Data listing:
--- --- ---

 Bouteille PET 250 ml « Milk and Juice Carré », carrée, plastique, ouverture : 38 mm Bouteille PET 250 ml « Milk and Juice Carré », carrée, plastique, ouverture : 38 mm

--- --- ---

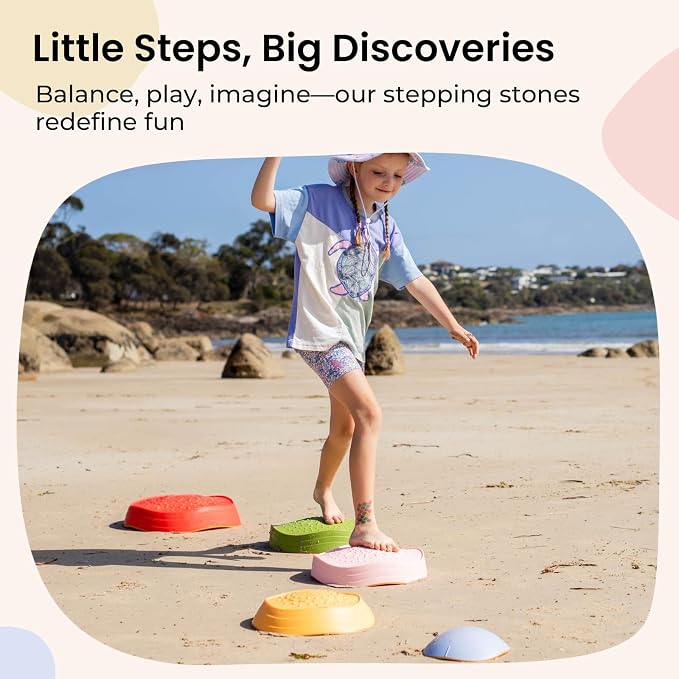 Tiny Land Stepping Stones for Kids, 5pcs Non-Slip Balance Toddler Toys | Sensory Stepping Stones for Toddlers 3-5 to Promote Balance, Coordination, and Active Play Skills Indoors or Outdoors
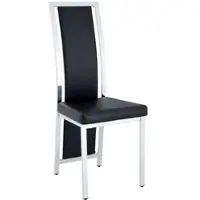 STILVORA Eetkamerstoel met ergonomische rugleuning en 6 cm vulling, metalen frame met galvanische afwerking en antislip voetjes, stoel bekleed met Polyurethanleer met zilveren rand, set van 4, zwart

--- --- ---

"Tiny Land Stepping" marks the first line to copy, and "STILVORA Eetkamerstoel met" marks the last. Repeat that stretch above exactly, with no pictures.

Reply:
 Tiny Land Stepping Stones for Kids, 5pcs Non-Slip Balance Toddler Toys | Sensory Stepping Stones for Toddlers 3-5 to Promote Balance, Coordination, and Active Play Skills Indoors or Outdoors
 STILVORA Eetkamerstoel met ergonomische rugleuning en 6 cm vulling, metalen frame met galvanische afwerking en antislip voetjes, stoel bekleed met Polyurethanleer met zilveren rand, set van 4, zwart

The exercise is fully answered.